TASK |
A picture-free, exact transcript of the entries below is required.

PROVIDED RECORDS |
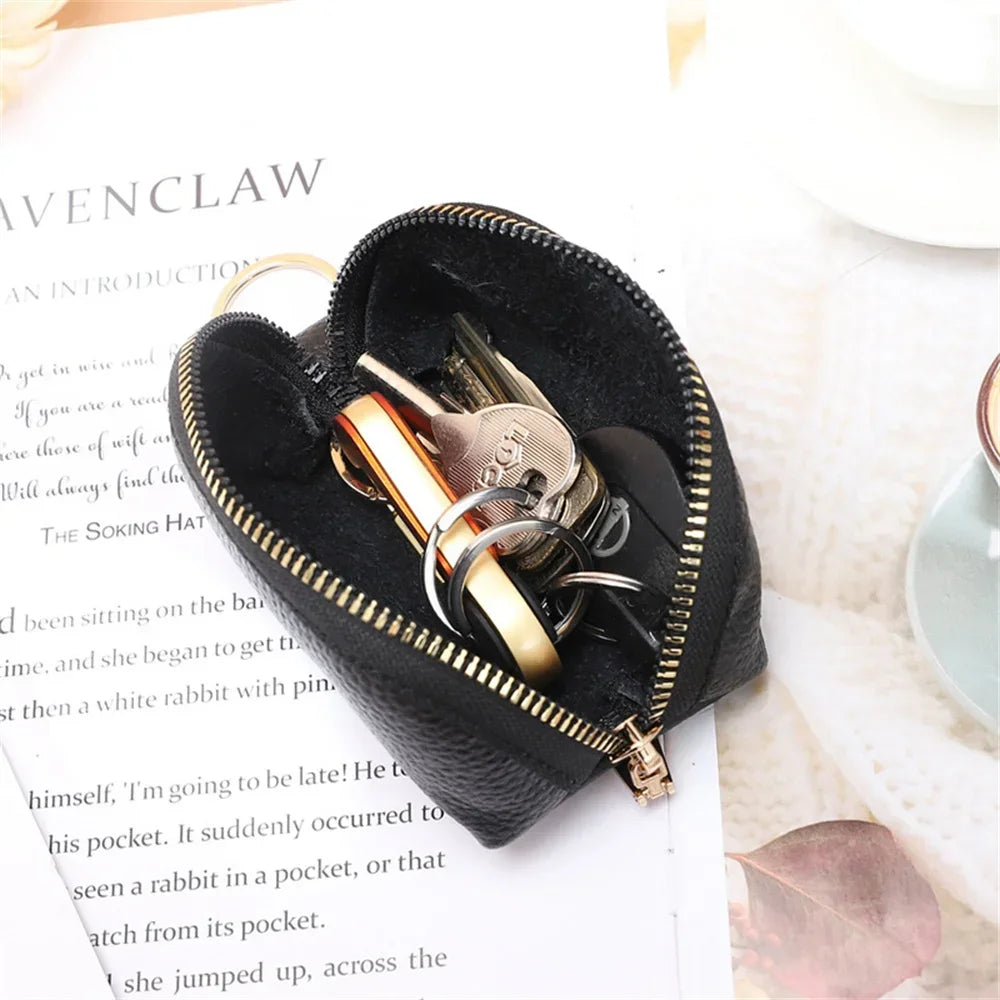 Car Keychain Covers Men Key Holder Leather Car Key Wallets Housekeeper Keys Organizer Zipper Key Case Bag Pouch Purse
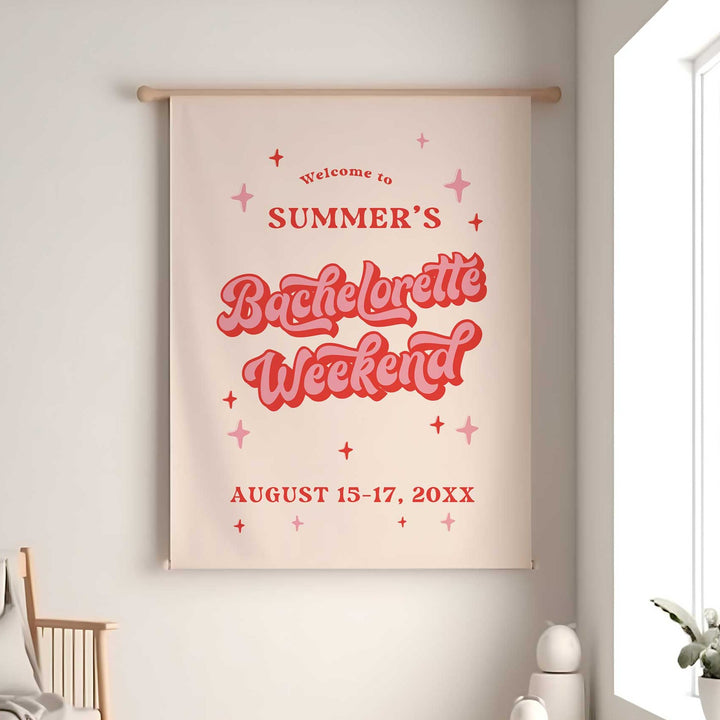Retro Bachelorette Party Welcome Backdrop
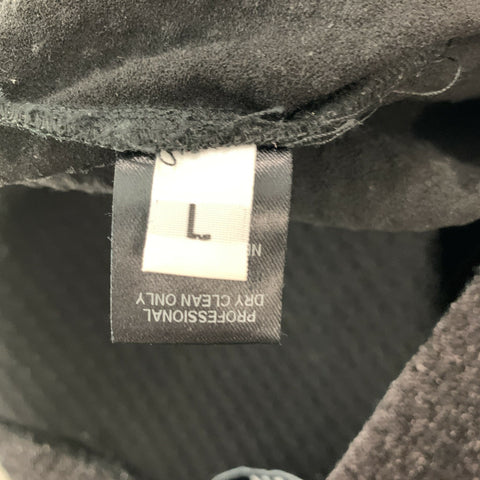 AREA Taille L Pantalon décontracté en mélange de viscose noir métallisé avec fermeture éclair latérale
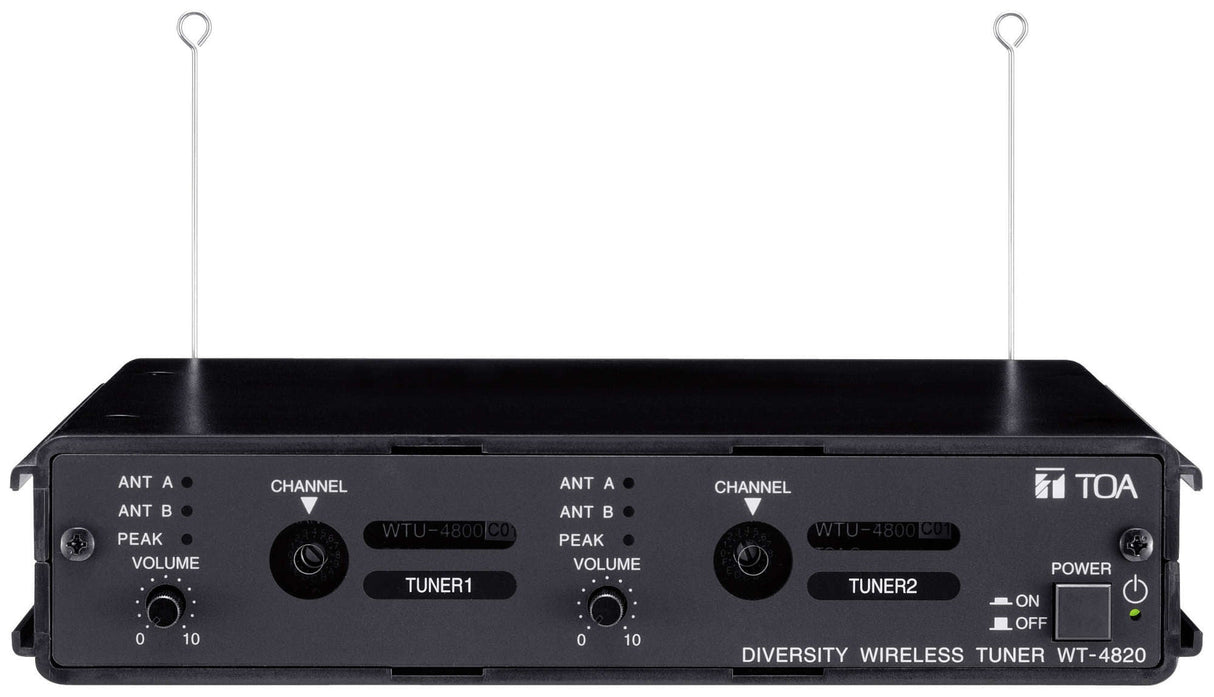 TOA WT-4820 US Wireless Receiver Modular Dual Channel Accepts 2x WTU-4800 Modules includes 2 Whip Antennas (1U)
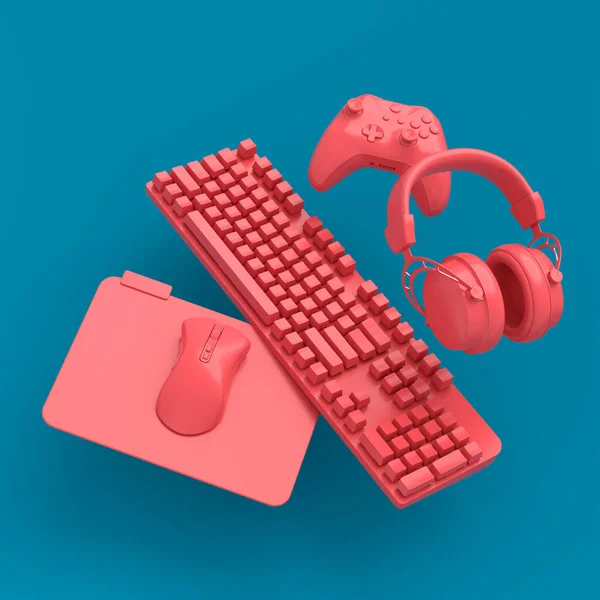 게임을 사람은 마우스 헤드폰 키보드 조이스틱처럼 파란색 분홍색 렌더링된 라이브 — 스톡 사진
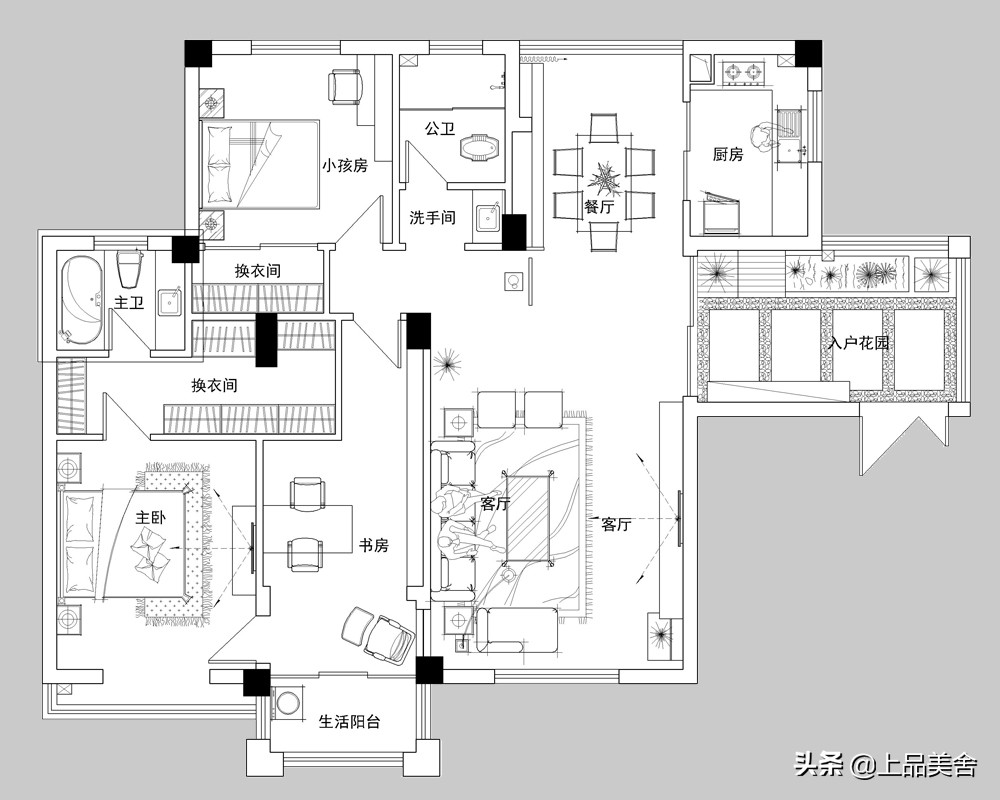 3平米入户花园设计现代轻奢,130平米简约入户花园
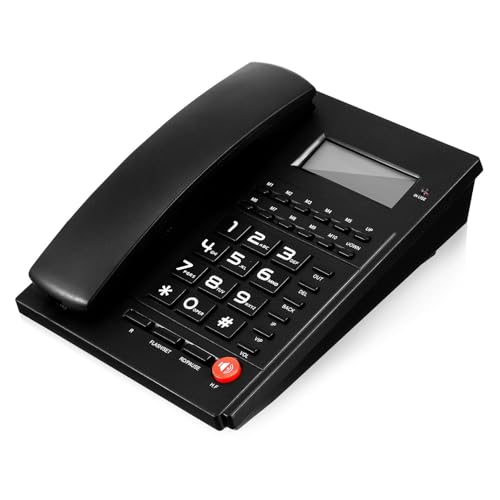 Téléphone filaire noir DOITOOL L-13 à grands boutons et affichage de l'appelant pour maison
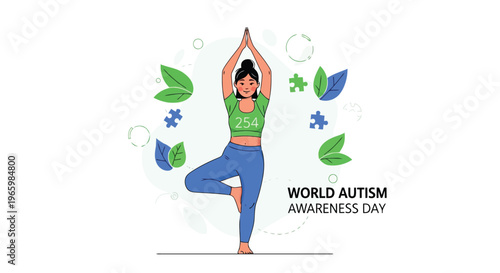 Woman practicing yoga pose for world autism awareness day illustration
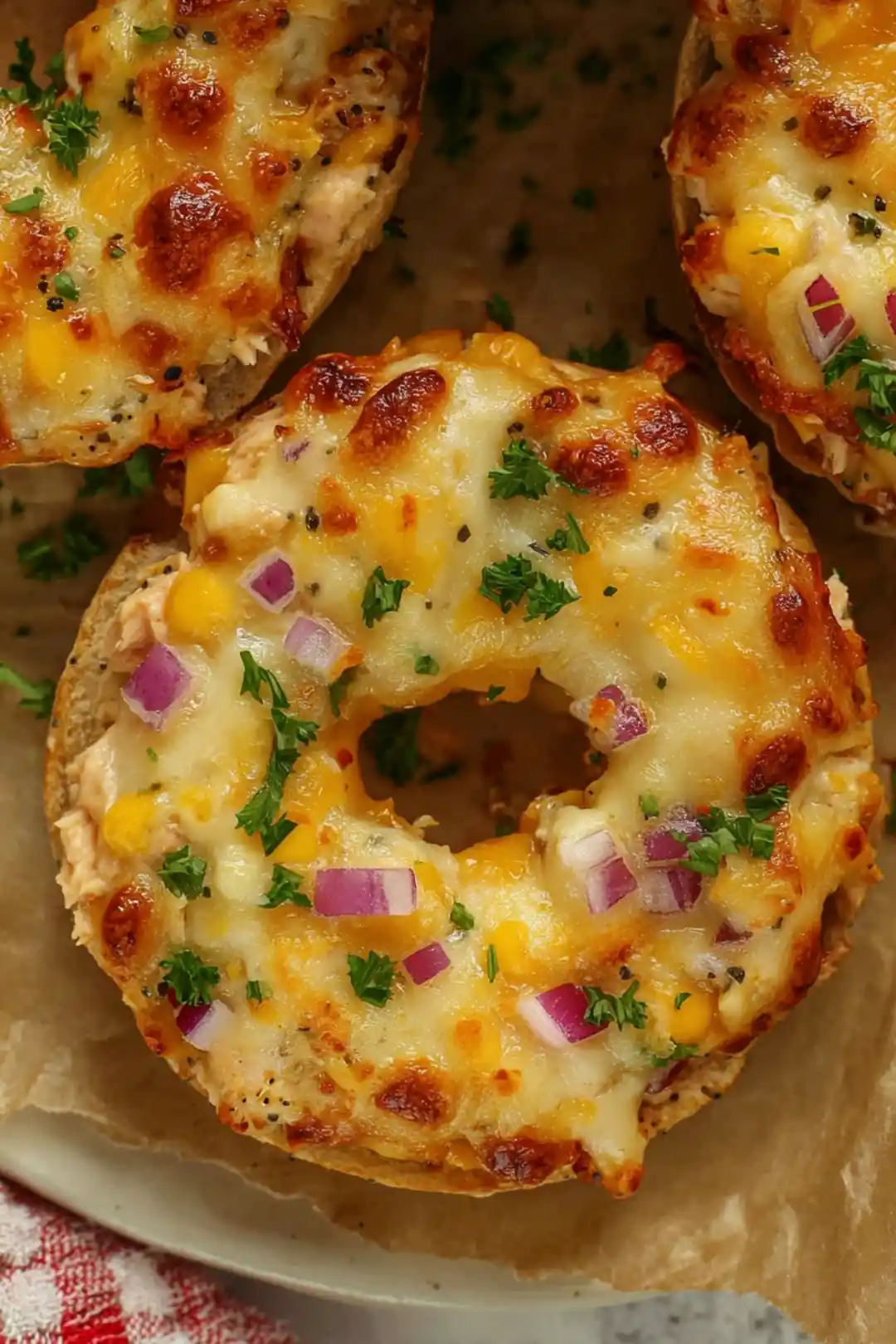 Air fryer tuna melt bagel hole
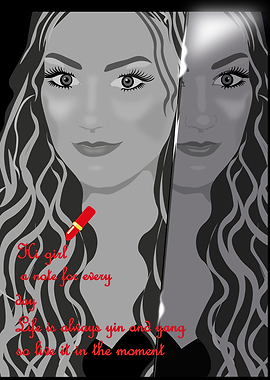 Yin and Yang Portrait with Text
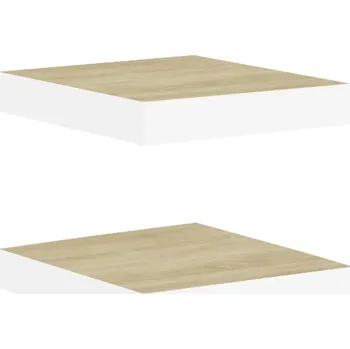 police Nástěnné police MDF a kov, dub/bílá, 23x23,5x3,8 cm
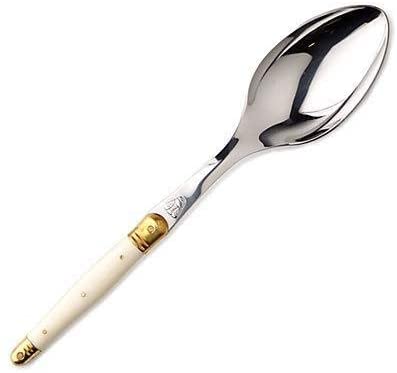 (D) Languiole Flatware, French Serving Spoon, Vintage, Hand Made (Ivory, 2 PC)
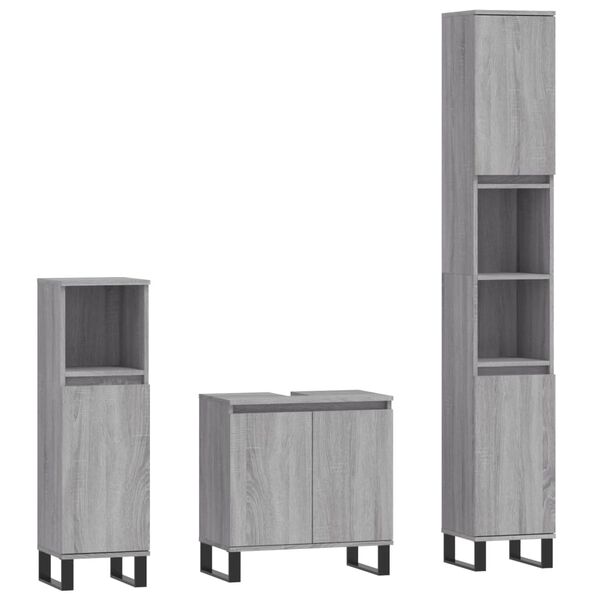 vidaXL 3 Piece Bathroom Cabinet Set Grey Sonoma Engineered Wood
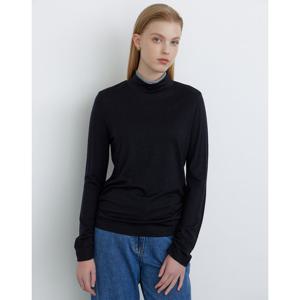 닥스 여성 24FW 반값세일울100% 네이비 레이어드 니트 배색 긴소매 하프넥 티셔츠 DLTS4D805N3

TASK ANSWER |
 Car Keychain Covers Men Key Holder Leather Car Key Wallets Housekeeper Keys Organizer Zipper Key Case Bag Pouch Purse
Retro Bachelorette Party Welcome Backdrop
 AREA Taille L Pantalon décontracté en mélange de viscose noir métallisé avec fermeture éclair latérale
 TOA WT-4820 US Wireless Receiver Modular Dual Channel Accepts 2x WTU-4800 Modules includes 2 Whip Antennas (1U)
 게임을 사람은 마우스 헤드폰 키보드 조이스틱처럼 파란색 분홍색 렌더링된 라이브 — 스톡 사진
 3平米入户花园设计现代轻奢,130平米简约入户花园
 Téléphone filaire noir DOITOOL L-13 à grands boutons et affichage de l'appelant pour maison
 Woman practicing yoga pose for world autism awareness day illustration
 Air fryer tuna melt bagel hole
 Yin and Yang Portrait with Text
 police Nástěnné police MDF a kov, dub/bílá, 23x23,5x3,8 cm
 (D) Languiole Flatware, French Serving Spoon, Vintage, Hand Made (Ivory, 2 PC)
 vidaXL 3 Piece Bathroom Cabinet Set Grey Sonoma Engineered Wood
 닥스 여성 24FW 반값세일울100% 네이비 레이어드 니트 배색 긴소매 하프넥 티셔츠 DLTS4D805N3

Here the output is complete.